Solving Regular Expression Constraints in Z3

Sep 25 2020
Caleb Stanford

Abstract: The manipulation of raw string data is ubiquitous in security-critical software, and prone to serious errors. While verification of such software typically reduces to solving string and regular expression constraints, the common case of Boolean combinations of regular expression constraints is not handled well by existing SMT string solvers. We present a new regular expression solver, called dZ3, which solves the problem by naturally supporting “extended” regular expression constraints (Boolean combinations) over an arbitrary character theory. At a technical level, the solver is based on “symbolic derivatives”, a way of manipulating regular expressions algebraically. At a practical level, it is driven by applications in automated cloud security configuration.

dZ3 matches the state of the art on standard benchmarks, while outperforming the best solvers (CVC4, Z3, Z3str3, Z3trau, and Ostrich) on Boolean combinations of constraints. It is now the default solver shipped with Z3.

Homework: Your homework is to play with Z3 and write a program which generates a valid password string – a string which should contain at least one number and at least one letter. Here are some steps to guide you through:

  1. Go to https://rise4fun.com/z3 and try pasting in the following: (declare-const x String) (assert (str.in.re x (re.++ (str.to.re “hello”) re.all (str.to.re “world”)))) (check-sat) (get-model) Here’s an explanation of the syntax:
  • “declare-const” means we declare a new string value.
  • “(assert (str.in.re x R))” means we assert that that string value x matches the regular expression R.
  • “(re.++ R1 R2 …)” is regular expression concatenation of R1, R2, …
  • “(str.to.re s)” makes a regular expression from a string literal s.
  • “re.all” is the regular expression which matches every string.

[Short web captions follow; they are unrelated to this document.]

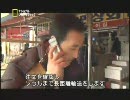 韓国の宅配サービス 3/4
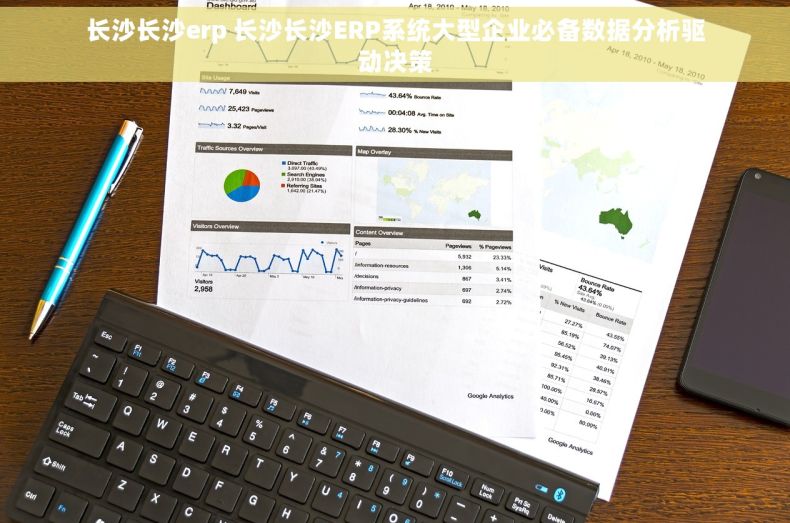 长沙长沙erp 长沙长沙ERP系统大型企业必备数据分析驱动决策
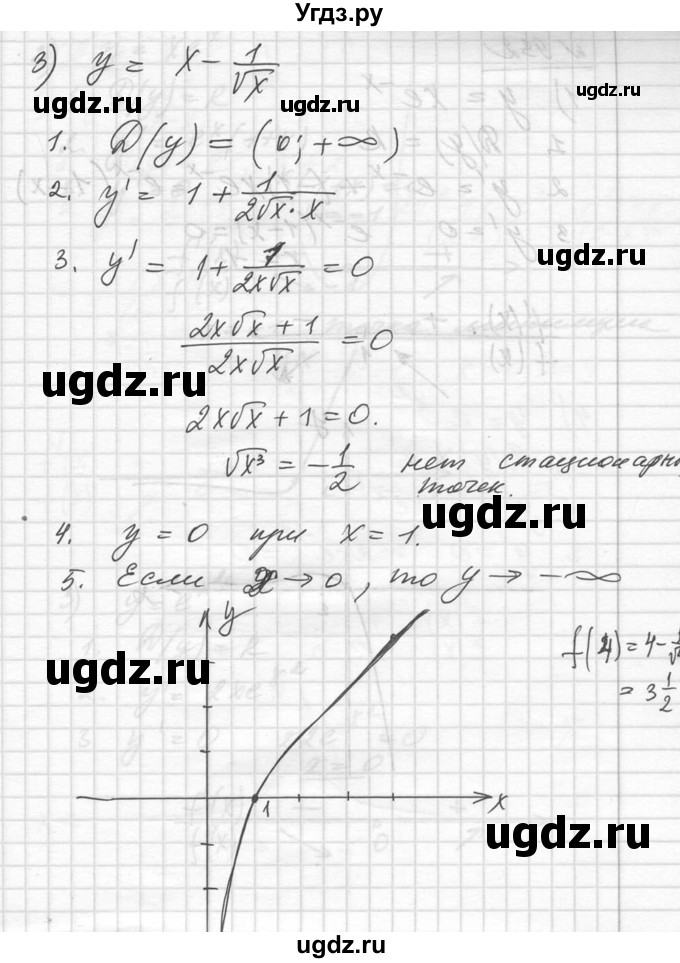 ГДЗ (Решебник №1) по алгебре 10 класс Ш.А. Алимов / упражнение-№ / 931(продолжение 3)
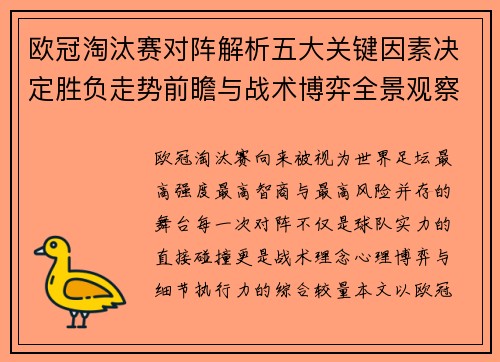 欧冠淘汰赛对阵解析五大关键因素决定胜负走势前瞻与战术博弈全景观察 欧冠淘汰赛对阵解析五大关键因素决定胜负走势前瞻与战术博弈全景观察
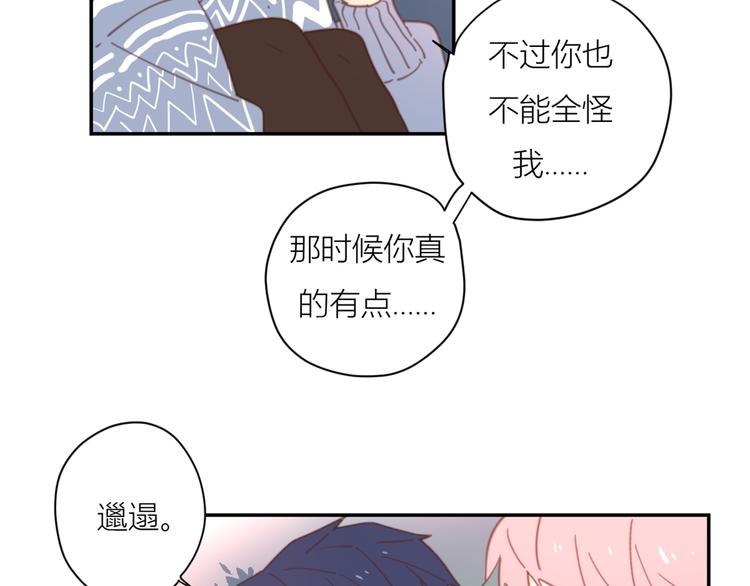 11你是我的答案吗49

Click the big “run” button and take a look at the model. You should get a string starting with “hello” and ending with “world” (and possibly some weird characters in between).

  1. Try modifying the program to have a second constraint which makes it unsatisfiable, using only the operations above. (assert (str.in.re x ))

Click run and see that Z3 gives “unsat”.

  1. Now try to modify the program so that it states that x has at least one letter (upper or lower case) and at least one number. The following may come in handy:
  • (re.range “a” “z”) is a regular expression matching a character with ascii code between “a” and “z”.

Click run and see if you get a valid password string.

  1. (OPTIONAL) Make it so that your password is also alphanumeric (all characters are either letters or numbers). Some additional syntax you can use:
  • (re.union R1 R2 …) is the union of regular expressions R1, R2, …
  • (re.* R1) is the Kleene star of regular expression R1.